Details of the initial settlement remain secret, but the new lawsuit, filed in federal court on Wednesday, has six publishers charging that the shop unlawfully photocopied and sold several copyrighted documents many times over without getting permission. The publishers say that the shop, which also did business as Orange and Blue Textbooks, failed multiple times to obtain copyright permission from either the publishers directly or through Copyright Clearance Center. The publishers include Blackwell Publishing, Elsevier, Inc., Pearson Education, Inc., Harvard Business School Publishing, John Wiley & Sons, Inc., and SAGE Publications, Inc.
“You would think that once -- not even once, really -- would be enough to learn the lesson,” said Jennifer Libertowski, a spokeswoman for the National Association of College Stores, a trade association that represents the higher education retail industry. “If the allegations turn out to be true, this is definitely a disappointing situation.”
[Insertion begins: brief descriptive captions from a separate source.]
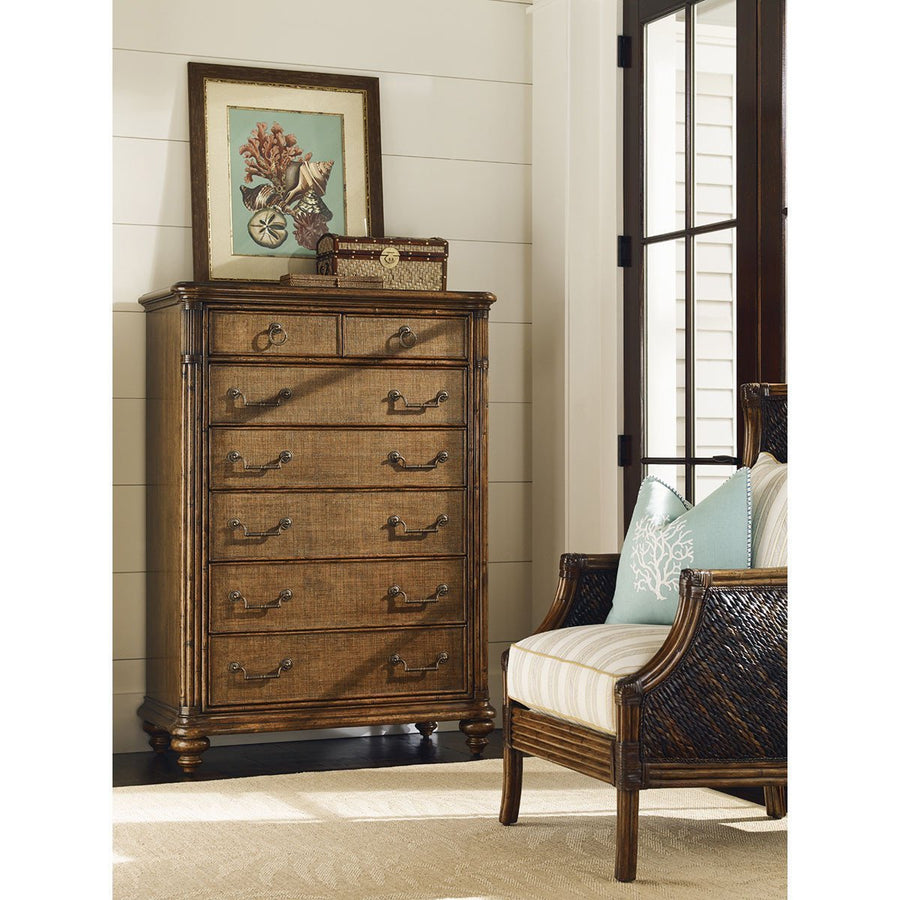 Tommy Bahama Bali Hai Medium Brown Tobago Drawer Chest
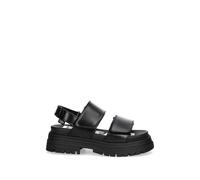 Buffalo touch-strap platform sandals - Black 38-39-40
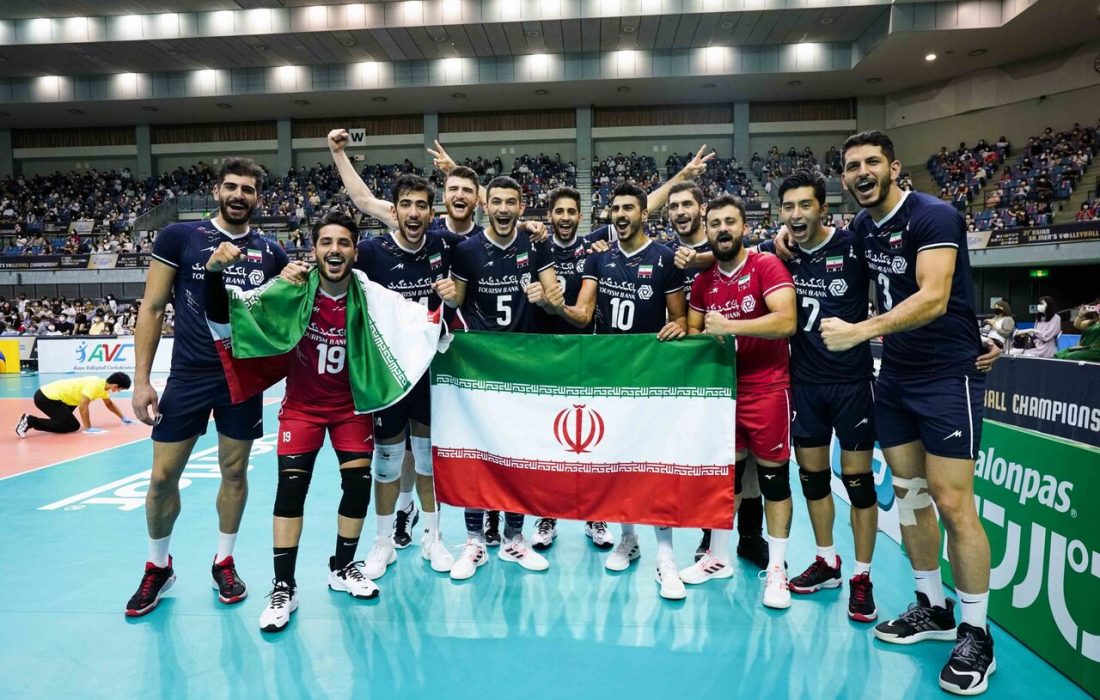 ایران پادشاه والیبال آسیا ماند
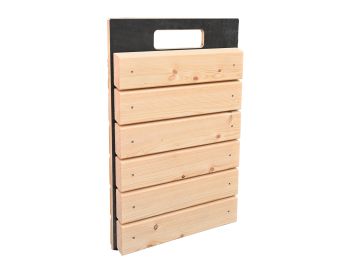 Mustertafel 9 für Fassaden-Musterbox Holzbau 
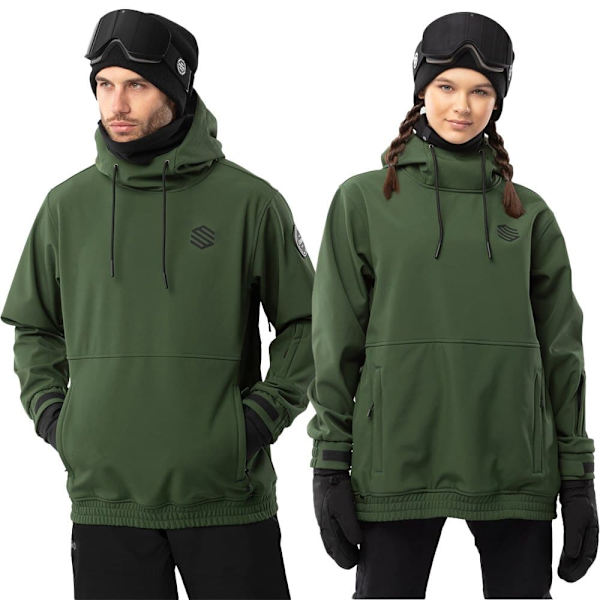 Siroko W1 Kilimanjaro Softshell-takki Vihreä L Mies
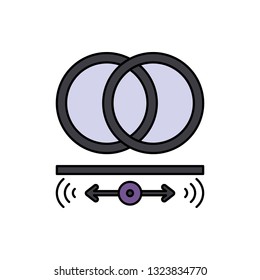 Audio, logo, stereo icon. Element of color music studio equipment icon. Premium quality graphic design icon. Signs and symbols collection icon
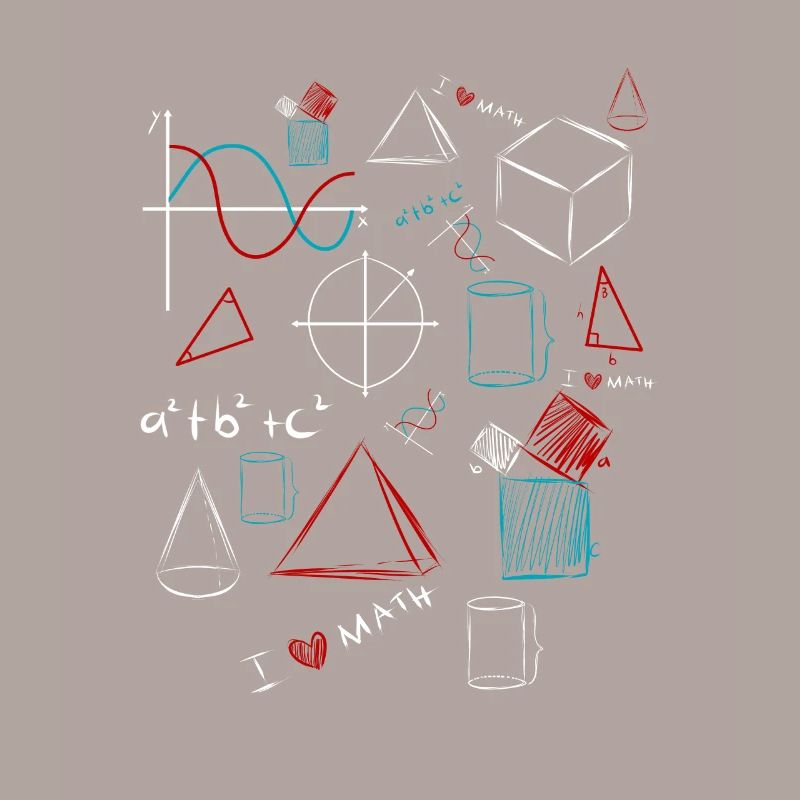 I Love Math - Formule mathématicienne et professeur de mathématiques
Libertowski said she wasn’t aware of another copy shop being sued in such a short period under similar circumstances. She noted that her organization offers free materials on copyright law for shops and individuals.
A lawyer for the publishers, William S. Strong, had strong words for the shop’s owner, Kenneth Roberts. “Mr. Roberts is well aware that permission is required to copy published materials in coursepacks,” he said in a press release issued Thursday. “Custom Copies’ illegal infringement compromises the ability of publishers to produce the work of writers and researchers, who as a result do not receive all of their rightful compensation. Moreover, it gives Custom Copies an illegal and unfair advantage over its law-abiding competitors.”
The company has paid big bucks -- to the tune of over $175,000, according to invoices -- since 2003 to various publishers for rights to reproduce materials for university coursepacks. Despite detailed record keeping and accounting of its practices, Roberts said Thursday that it is possible that “mistakes were made.”
“They’re being deliberately misleading, making us look like criminals,” he said. “This could have easily been solved by a phone call, rather than another lawsuit.
Lawyers representing the publishers could not be reached on Thursday to answer that charge.
“We already know that we are under a microscope,” added Roberts. “We go out of our way to ensure that we are complying with copyright law.”
Roberts said that he believes the publishers may be specifically targeting his shop in order to “drive us out of business.” “We have absolutely no motive to put ourselves or our customers in danger,” he said. “We all want to be able to eat and put a roof over our heads.”
Bill Burger, vice president of marketing for the Copyright Clearance Center, a nonprofit licensing agent, characterized Roberts’s argument as a “desperate plea.” “If he were operating legally, the publishers would have zero incentive to put someone out of business,” he said. “Why would they sue their distribution channels, which help them get money?”
Even Roberts noted that his chance of prevailing seemed slim, in light of a 1991 federal court decision that says commercial copying always requires permission.
“Something might have been missed -- mistakes naturally occur,” said Roberts. “But why?” he asked. “Why couldn’t this have been solved with a bloody phone call?”